§ The problem
Please print the full listing below exactly, but not the pictures in it.

§ Data section
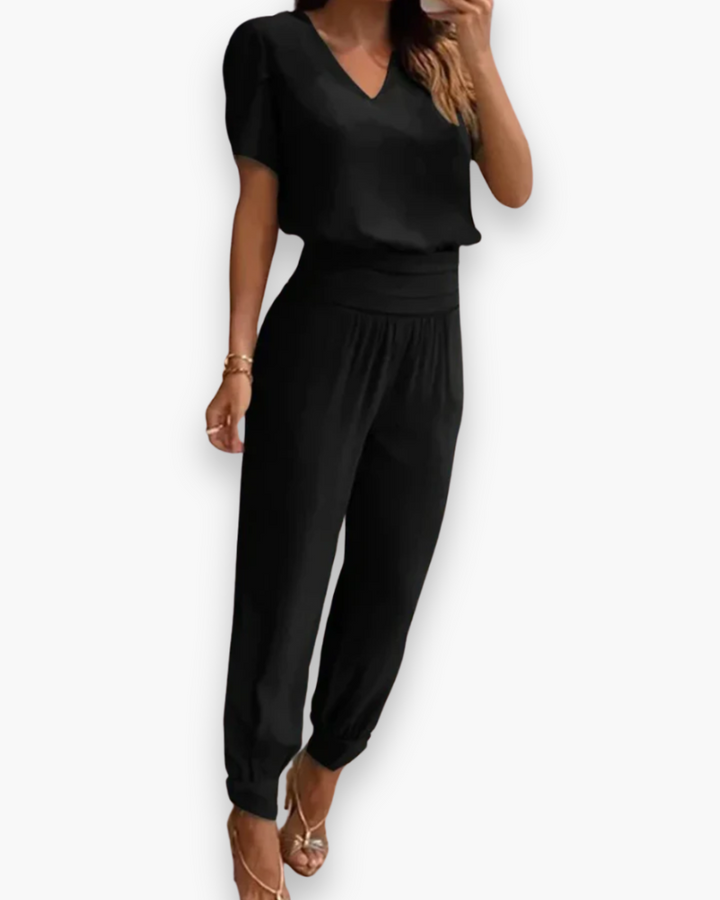 "Combinaison femme élégante moderne, ajustée, noir, col V, polyvalente, idéale pour style chic ou décontracté."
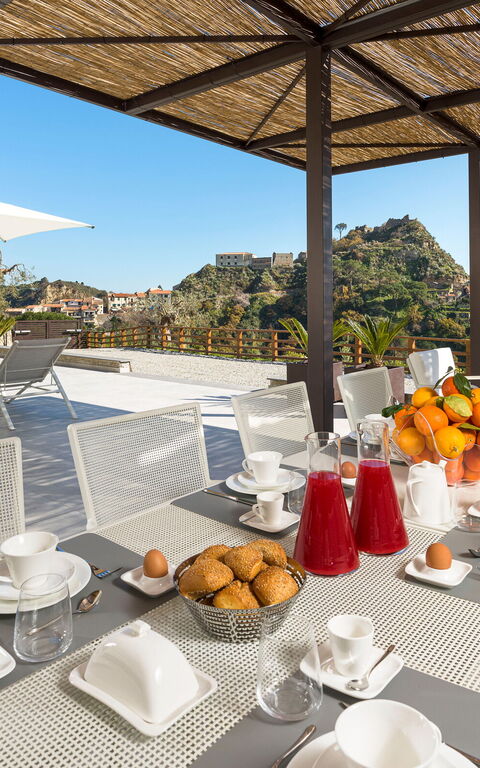 Zagara Bianca: Mad, Udendørs, Udvendige, Visninger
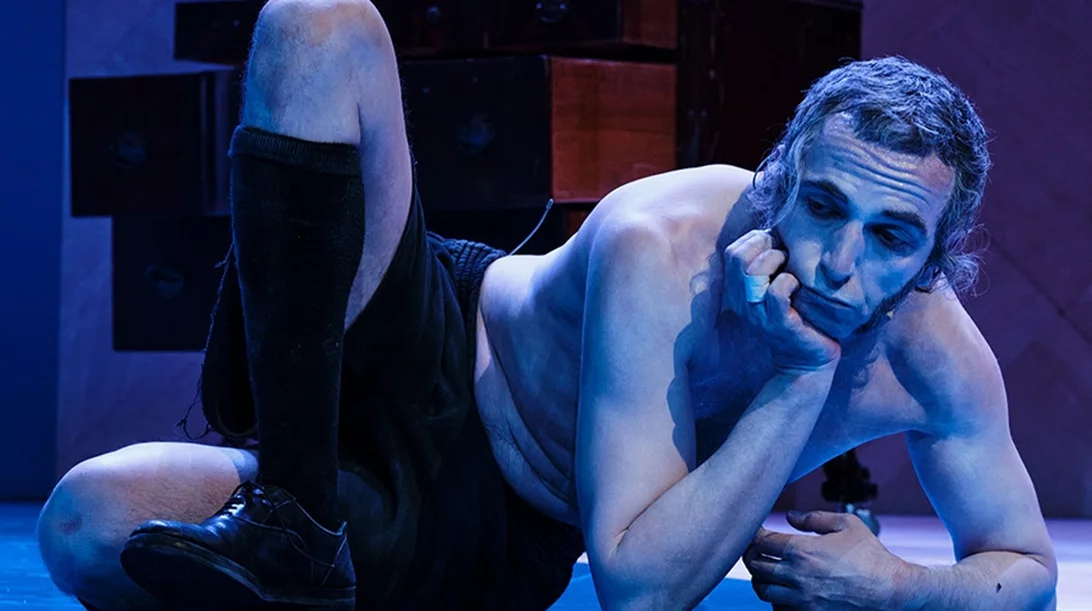 Σε ποιες παραστάσεις θα δείτε τους νικητές ανδρικού ρόλου στα 26α Θεατρικά Βραβεία Κοινού από το Αθηνόραμα;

§ Response area
 "Combinaison femme élégante moderne, ajustée, noir, col V, polyvalente, idéale pour style chic ou décontracté."
 Zagara Bianca: Mad, Udendørs, Udvendige, Visninger
 Σε ποιες παραστάσεις θα δείτε τους νικητές ανδρικού ρόλου στα 26α Θεατρικά Βραβεία Κοινού από το Αθηνόραμα;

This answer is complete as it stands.